L’autre jour, Nicholas Cull, un professeur de l’University of Southern California, nous a présenté son témoignage. Il a parlé de l’importance des artistes canadiens. Nous avons vu cela avec les prix décernés par la gouverneure générale, l’autre soir. Nous devrions être très fiers, en tant que nation. Comme il l’a dit, personne ne sait vraiment qu’ils sont des Canadiens.

Compte tenu de cela et de l’importance de la diplomatie culturelle, comment pouvons-nous nous réjouir du fait que ces magnifiques artistes sont des Canadiens — qu’ils soient connus ou non; émergents ou expérimentés? Comment peut-on établir un lien entre la diplomatie culturelle et tous les autres aspects du Canada à l’étranger, plutôt que de cloisonner les arts? Comment cela s’intègre-t-il aux diverses couches de la société canadienne alors que celle-ci cherche à se faire valoir sur la scène internationale?

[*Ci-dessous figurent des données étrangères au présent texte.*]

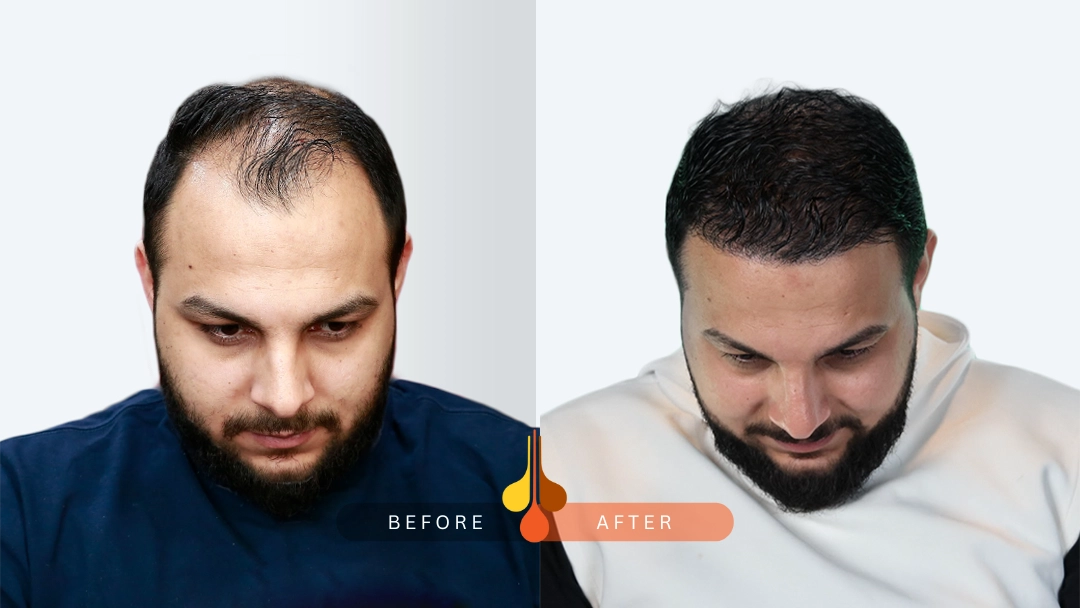 result of hair transplant in Riyadh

Mme Clarkson : Pouvons-nous juste prendre la parole pour répondre?

La présidente : Je vais demander aux sénateurs de préciser à qui leurs questions s’adressent.

La sénatrice Bovey : N’importe qui, mais nous pouvons commencer par notre ancienne gouverneure générale, suivie de Mme Peterson d’Aquino, avec le travail qu’elle accomplit concernant les Prix du Gouverneur général et son travail à l’échelle internationale.

Mme Clarkson : Sénatrice Bovey, je pense qu’on peut miser sur toute la question du succès de nos artistes dans le monde et au Canada, dans l’univers culturel. Par exemple, si vous savez qu’Ed Burtynsky va se produire en Grande-Bretagne, il faut miser là-dessus. Il n’est pas nécessaire de partir à zéro. Vous avez déjà cette personne.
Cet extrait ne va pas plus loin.